Tara the Antisocial Social Worker
@Kirbster:
Yes, and any variation on “sorry if you were offended” instead of “sorry I f***ed up.”
schrodinger's cat
MSM bots beginning their stories with, “some people say”, I want to know who those people are.
tybee
@Betty Cracker:
mom was an english teacher and she always pointed out that the language evolves…
except for when she railed against it.
PigInZen
@Jont:
Agree 100% about “slap in the face.” Just overused and lazy. How about using insult instead fer crying out loud?
mclaren
If the sharks are starting to eat each other, that’s good news. Perhaps Peggy Noonan will someday be brought to justice on criminal conspiracy charges for her role in aiding and abetting the vast 8-year-long crime spree misnamed the Reagan administration.
Capt. Seaweed
“Popcorn futures”
Silly, useless tripe.
David in NY
@gogol’s wife: When my younger boy was sending job application letters from home, he thought it was more or less mandatory to say something was his “passion.” I said no.
Cervantes
@Rex Everything: Yes, you’re right, that’s a distinct possibility, but it’s not certain — it could also have come into mediæval English from early German mosica; or directly from Latin musica; or from all three. (And all these paths can be traced back to the Greek for “muse.”)

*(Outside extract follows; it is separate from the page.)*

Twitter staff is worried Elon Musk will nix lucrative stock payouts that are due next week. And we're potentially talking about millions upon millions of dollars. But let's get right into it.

Also, “school” is not ours from German; it comes to us from Latin. And “water” could not have come from wasser; it probably came from the older watar. And the same with “mother”: not from mutter but probably from the earlier mothær.
Also, not a linguistic point but included just for completeness: the ukelele (the instrument) is not indigenous to Hawaii; it is itself an import that has evolved.

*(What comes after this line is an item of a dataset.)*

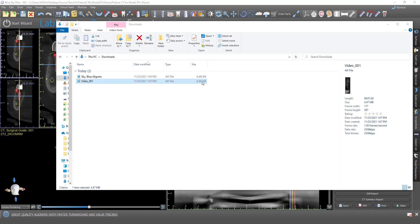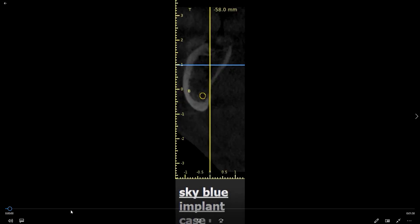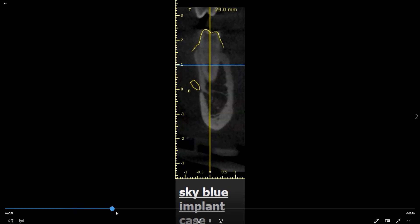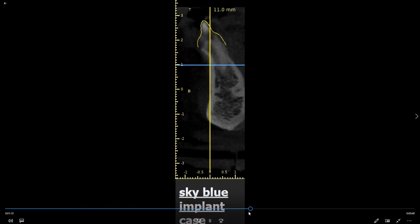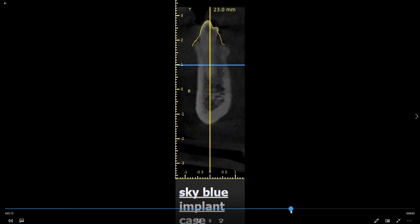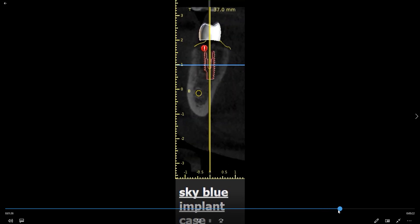And what we have here is our video. It's four and a half megabytes, so it's very easy to transfer and share. Go ahead and double click it. And then what we have is just going around the arch showing the different slices. Let's jump forward a bit.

But those are details. Here’s where this began, with your “VERY BIGGEST PET PEEVE lately”:
And Amir Khalid‘s response:
Both interesting comments. On the one hand, there are people, allegedly speaking English, who pronounce café as if it were caff. No matter our respective views on the pronunciation of loan-words, I think we can all agree that this sort of thing is simply grotesque. Similarly, Amir Khalid, being bi-lingual, finds the American (or anglicized) pronunciation of sarong somewhat disgusting. On the other hand, you ask about (for example) music. Well, when it started out as a loan-word in English, it was not pronounced the way we pronounce it now. It was pronounced self-consciously in the accent of the language(s) from which it was borrowed (see above) — but modal pronunciations evolve, and clinging to a (e.g.) French pronunciation of music today, while trying to speak English, would be silly (or something done for effect).
So in a way, you’re both right: it’s a matter of time, i.e., how long ago a word was adopted.
As for your primary (or, at least, most energetic) example:
I won’t say this verges on xenophobia — nor will I say I’m one of those espresso drinkers who found expresso illiterate when it emerged in the late ’50s — but in this case can’t we just declare that there are two variant pronunciations (and spellings) and let the “better” one win out over time? Or do you object to this?
Sourmash
Got to the end and never saw this. Why can’t propel tell the difference between subjective and onjective pronouns?
Sourmash
MYSELF!!! Can the abuse of this fine word stop?? Why can’t people tell the difference between subjective and onjective pronouns? As in “Bill and myself will go to eat” or “please comment and send the proposal back to Jim and myself”. What is wrong with “I” and “me”??